- **REQUIRED ACTION**
Leave out the pictures and retype, exactly, the lines below from the line with "美的空调酷省电Ultra新一级省电节能3匹立式柜机家用客厅变频冷暖 - 图1" up to and including the line with "高460能上什么学校附可报大学名单", nothing more.

Scraped caption text data
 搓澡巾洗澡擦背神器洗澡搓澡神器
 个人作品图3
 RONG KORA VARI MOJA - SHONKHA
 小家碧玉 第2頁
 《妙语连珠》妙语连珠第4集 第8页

...

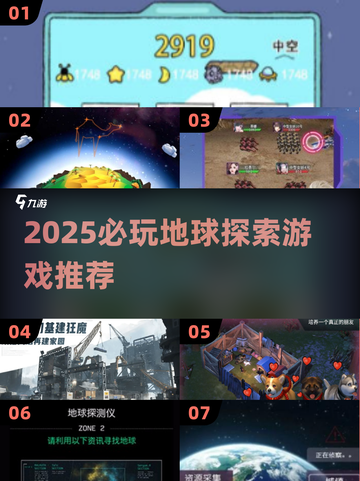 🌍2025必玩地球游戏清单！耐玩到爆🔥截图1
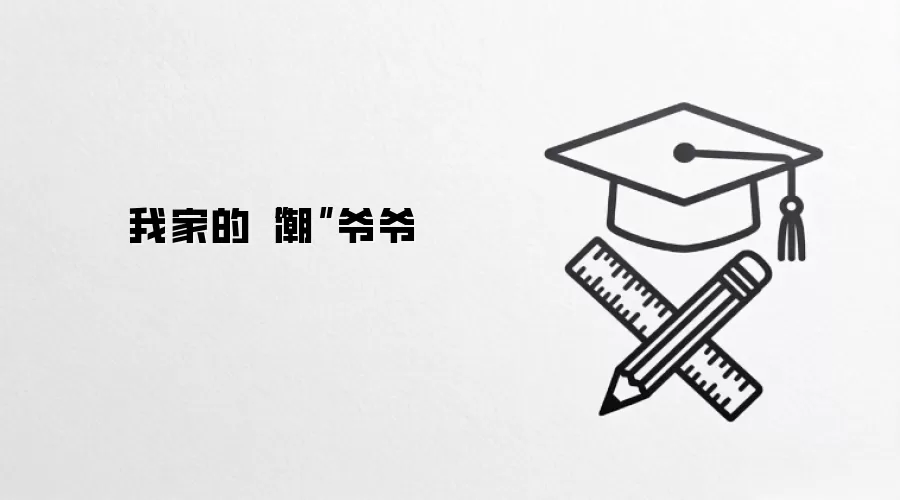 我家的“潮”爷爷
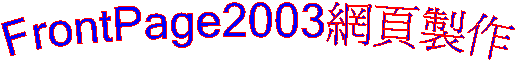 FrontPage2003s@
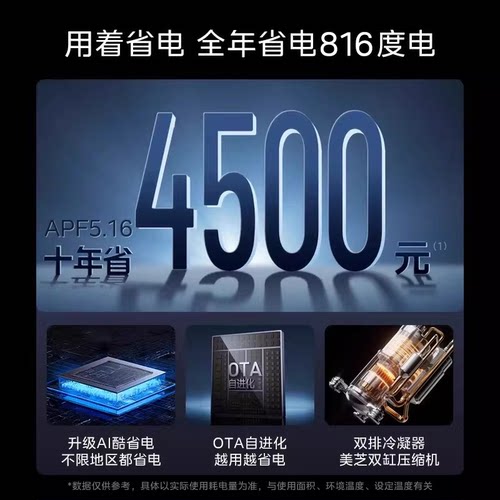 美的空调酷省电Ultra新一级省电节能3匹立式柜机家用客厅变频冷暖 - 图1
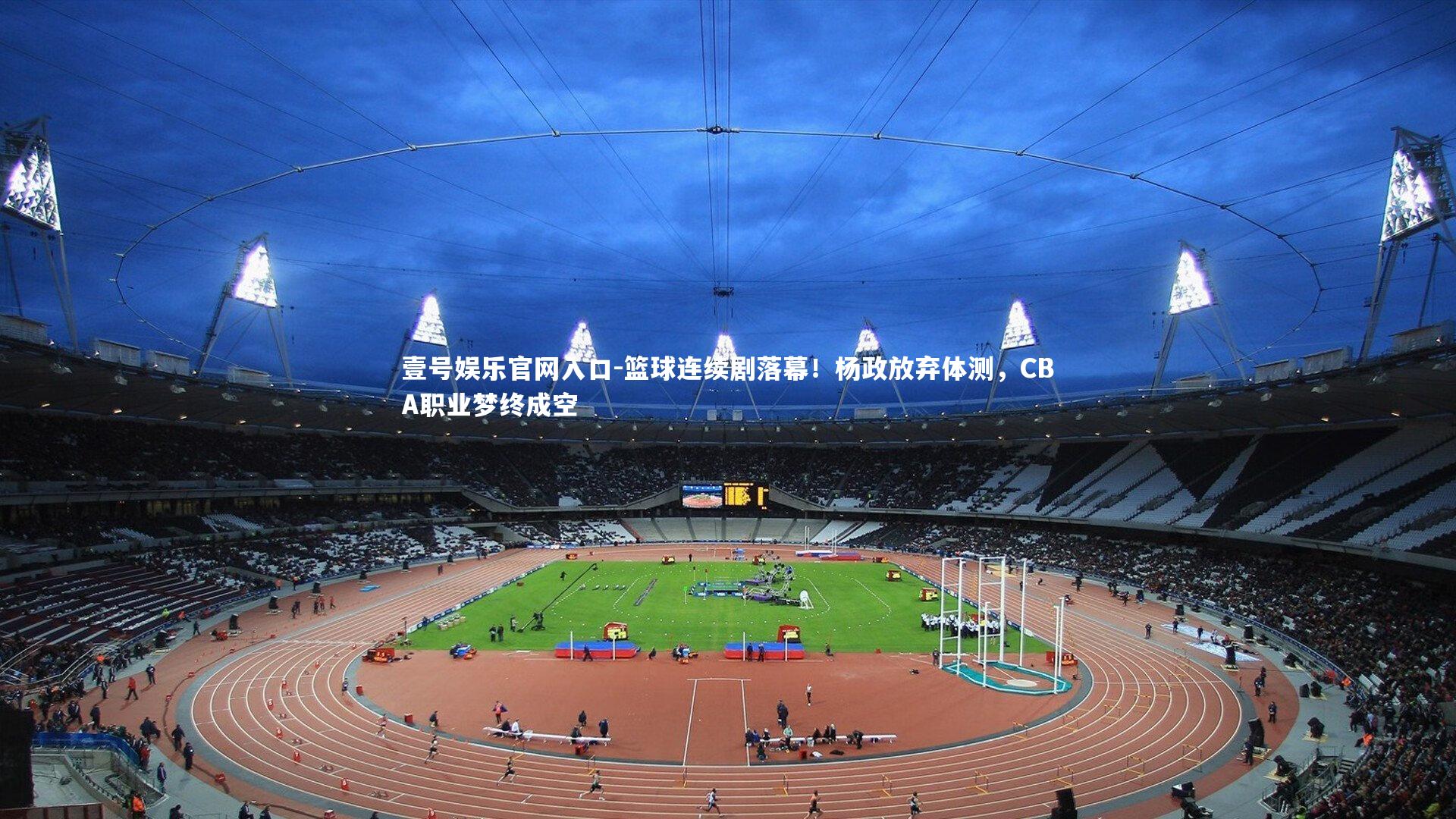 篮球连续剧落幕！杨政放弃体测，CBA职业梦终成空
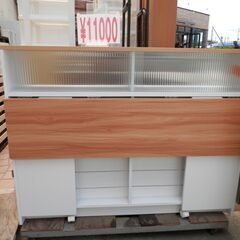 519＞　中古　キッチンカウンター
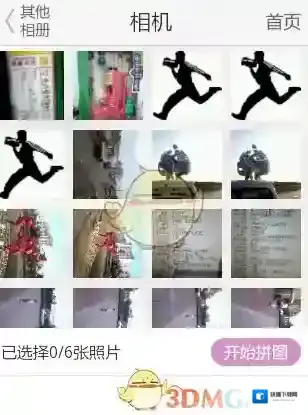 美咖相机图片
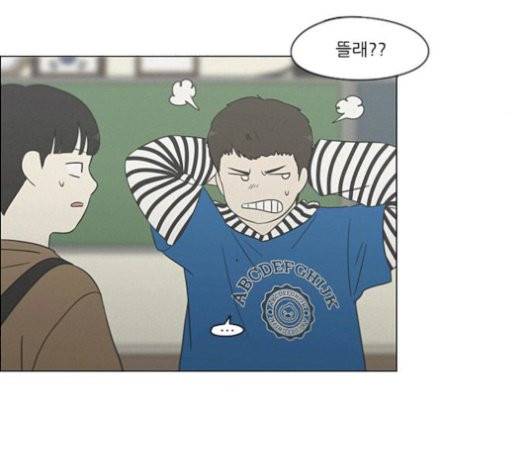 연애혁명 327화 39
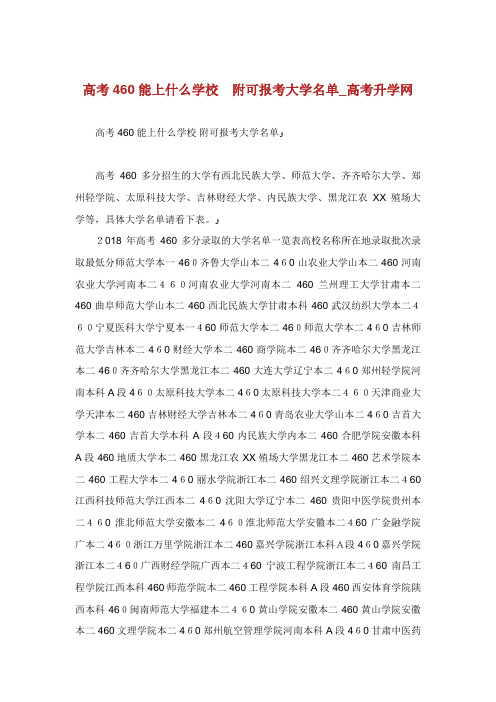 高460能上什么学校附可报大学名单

- **WRITTEN RESPONSE**
 美的空调酷省电Ultra新一级省电节能3匹立式柜机家用客厅变频冷暖 - 图1
 篮球连续剧落幕！杨政放弃体测，CBA职业梦终成空
 519＞　中古　キッチンカウンター
 美咖相机图片
 연애혁명 327화 39
 高460能上什么学校附可报大学名单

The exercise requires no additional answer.